Work instructions:
Produce a verbatim copy of the entries listed below.

Data to examine:
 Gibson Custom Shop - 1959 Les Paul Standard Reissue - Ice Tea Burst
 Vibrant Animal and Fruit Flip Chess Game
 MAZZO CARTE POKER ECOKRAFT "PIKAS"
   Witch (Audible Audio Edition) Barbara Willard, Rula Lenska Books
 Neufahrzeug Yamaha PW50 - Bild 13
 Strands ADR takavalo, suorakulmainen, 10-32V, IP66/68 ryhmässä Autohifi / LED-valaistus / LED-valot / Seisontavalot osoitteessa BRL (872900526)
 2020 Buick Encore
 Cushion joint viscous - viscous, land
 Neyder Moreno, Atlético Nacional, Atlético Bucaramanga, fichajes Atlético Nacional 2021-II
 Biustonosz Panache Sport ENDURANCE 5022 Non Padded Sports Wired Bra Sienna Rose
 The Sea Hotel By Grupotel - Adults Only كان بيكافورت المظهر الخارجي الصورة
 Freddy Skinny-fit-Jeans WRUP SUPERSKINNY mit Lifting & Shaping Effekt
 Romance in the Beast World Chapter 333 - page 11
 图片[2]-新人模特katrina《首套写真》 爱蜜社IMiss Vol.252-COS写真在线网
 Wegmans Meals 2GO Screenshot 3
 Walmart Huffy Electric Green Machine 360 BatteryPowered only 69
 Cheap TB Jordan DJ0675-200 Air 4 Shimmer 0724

Solution to the problem:
 Gibson Custom Shop - 1959 Les Paul Standard Reissue - Ice Tea Burst
 Vibrant Animal and Fruit Flip Chess Game
 MAZZO CARTE POKER ECOKRAFT "PIKAS"
   Witch (Audible Audio Edition) Barbara Willard, Rula Lenska Books
 Neufahrzeug Yamaha PW50 - Bild 13
 Strands ADR takavalo, suorakulmainen, 10-32V, IP66/68 ryhmässä Autohifi / LED-valaistus / LED-valot / Seisontavalot osoitteessa BRL (872900526)
 2020 Buick Encore
 Cushion joint viscous - viscous, land
 Neyder Moreno, Atlético Nacional, Atlético Bucaramanga, fichajes Atlético Nacional 2021-II
 Biustonosz Panache Sport ENDURANCE 5022 Non Padded Sports Wired Bra Sienna Rose
 The Sea Hotel By Grupotel - Adults Only كان بيكافورت المظهر الخارجي الصورة
 Freddy Skinny-fit-Jeans WRUP SUPERSKINNY mit Lifting & Shaping Effekt
 Romance in the Beast World Chapter 333 - page 11
 图片[2]-新人模特katrina《首套写真》 爱蜜社IMiss Vol.252-COS写真在线网
 Wegmans Meals 2GO Screenshot 3
 Walmart Huffy Electric Green Machine 360 BatteryPowered only 69
 Cheap TB Jordan DJ0675-200 Air 4 Shimmer 0724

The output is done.